▶ **Your goal**: In the listing that follows, find the line with "Dstoreishop Autumn Winter", then copy exactly from it through the line with "compact wireless doorbell at urban entry", leaving out every picture.

▶ **Provided data**:
Segment Open
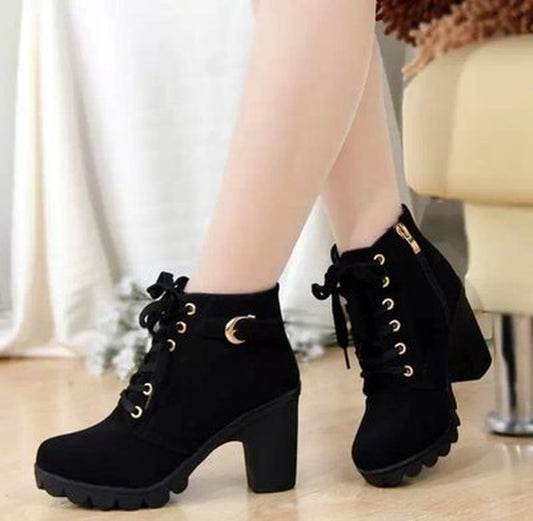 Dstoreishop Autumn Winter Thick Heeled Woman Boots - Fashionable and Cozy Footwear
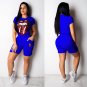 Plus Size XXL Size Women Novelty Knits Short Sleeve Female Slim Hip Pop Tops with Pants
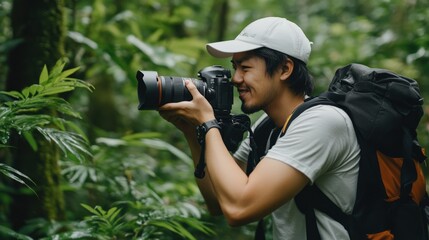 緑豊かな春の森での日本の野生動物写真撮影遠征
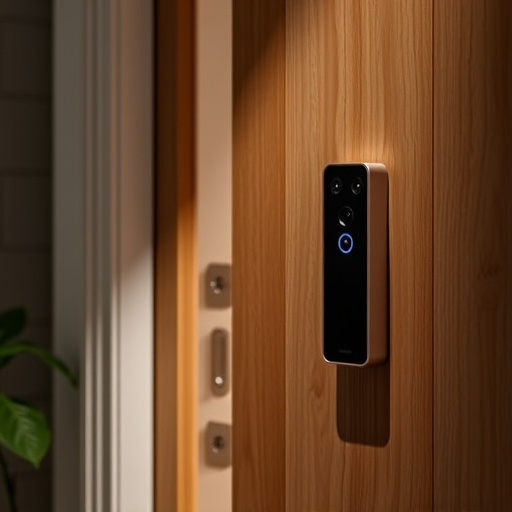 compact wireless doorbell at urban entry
Segment Closed
Segment Open
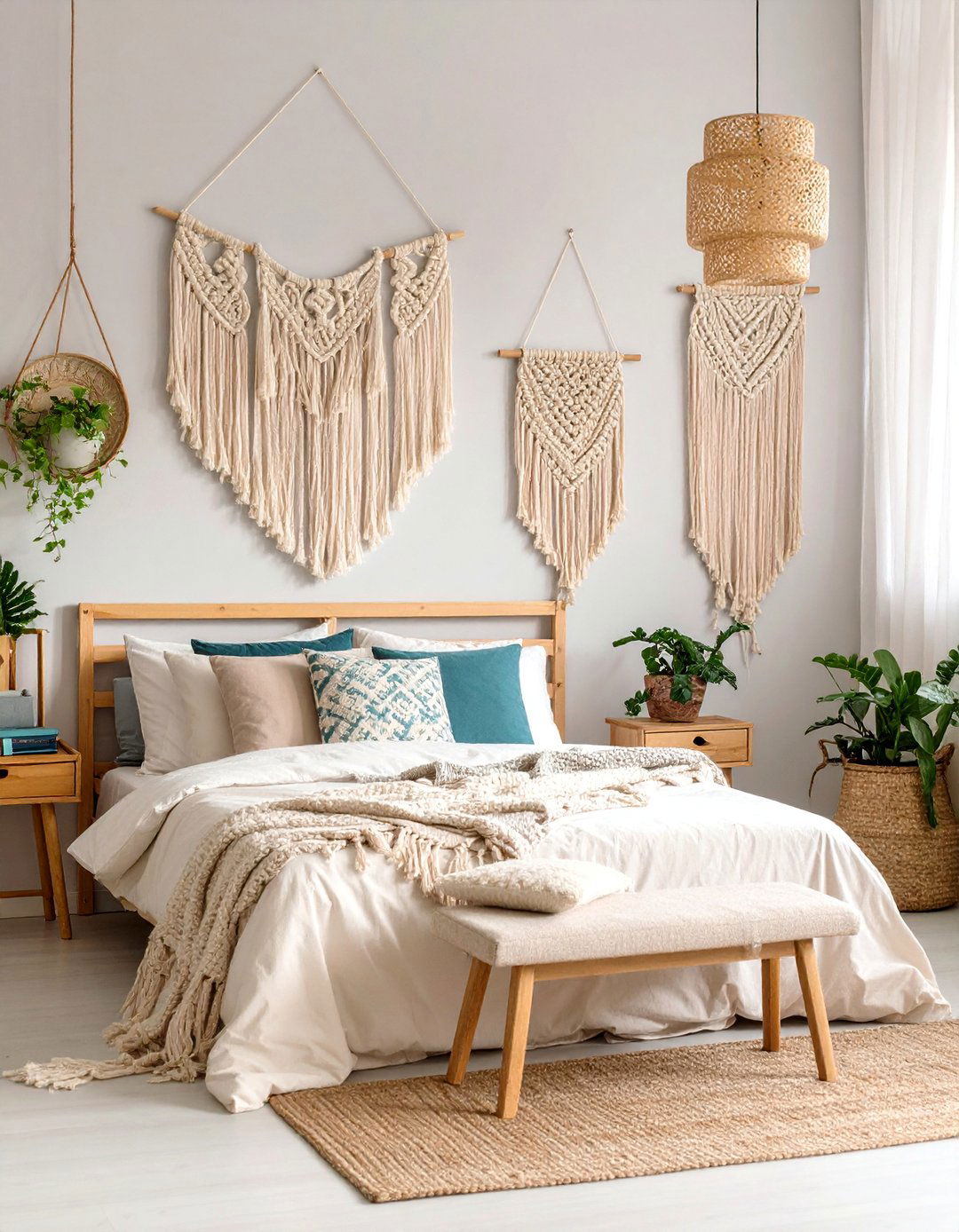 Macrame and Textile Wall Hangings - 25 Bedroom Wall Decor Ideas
Segment Closed
Segment Open
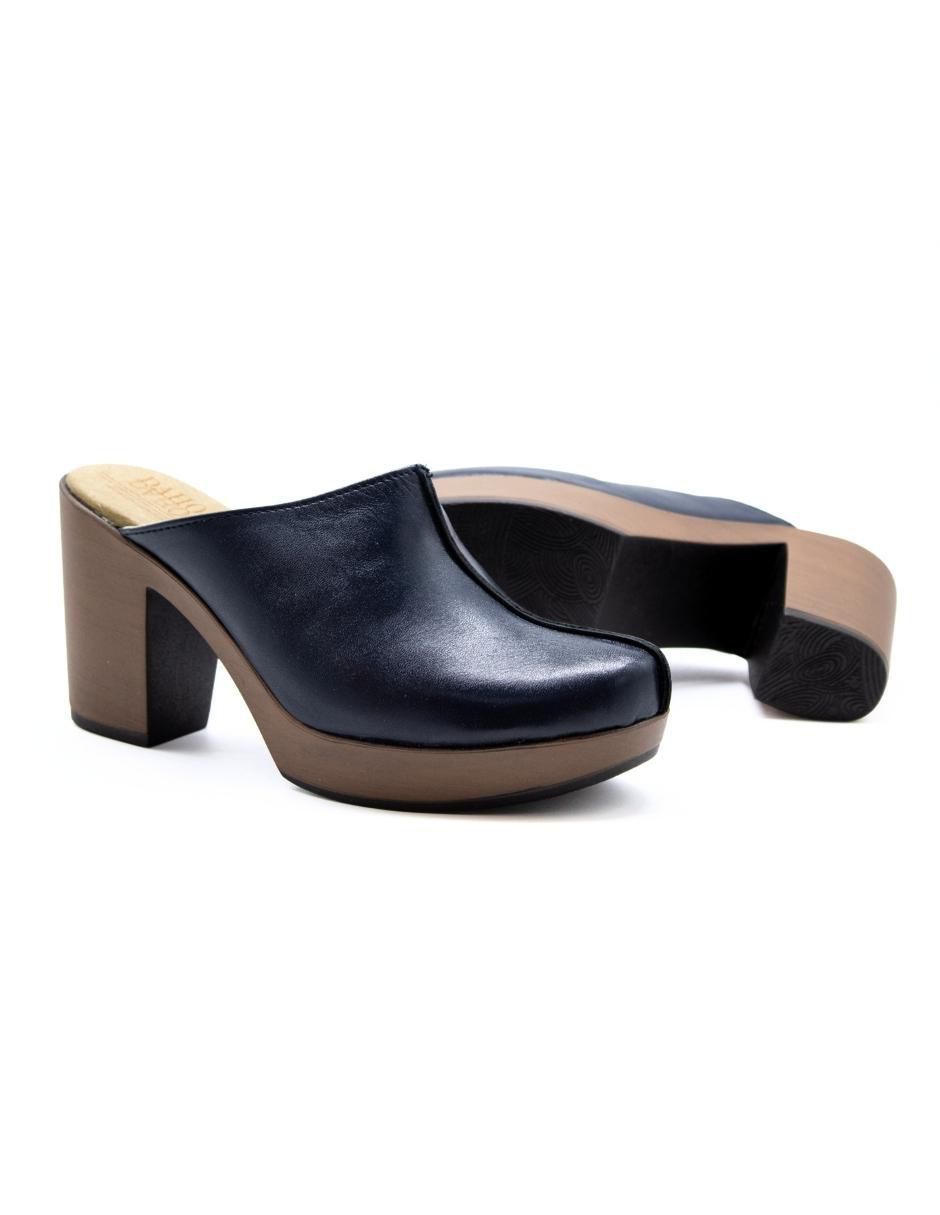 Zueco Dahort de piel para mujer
Segment Closed
▶ **Your response**:
 Dstoreishop Autumn Winter Thick Heeled Woman Boots - Fashionable and Cozy Footwear
 Plus Size XXL Size Women Novelty Knits Short Sleeve Female Slim Hip Pop Tops with Pants
 緑豊かな春の森での日本の野生動物写真撮影遠征
 compact wireless doorbell at urban entry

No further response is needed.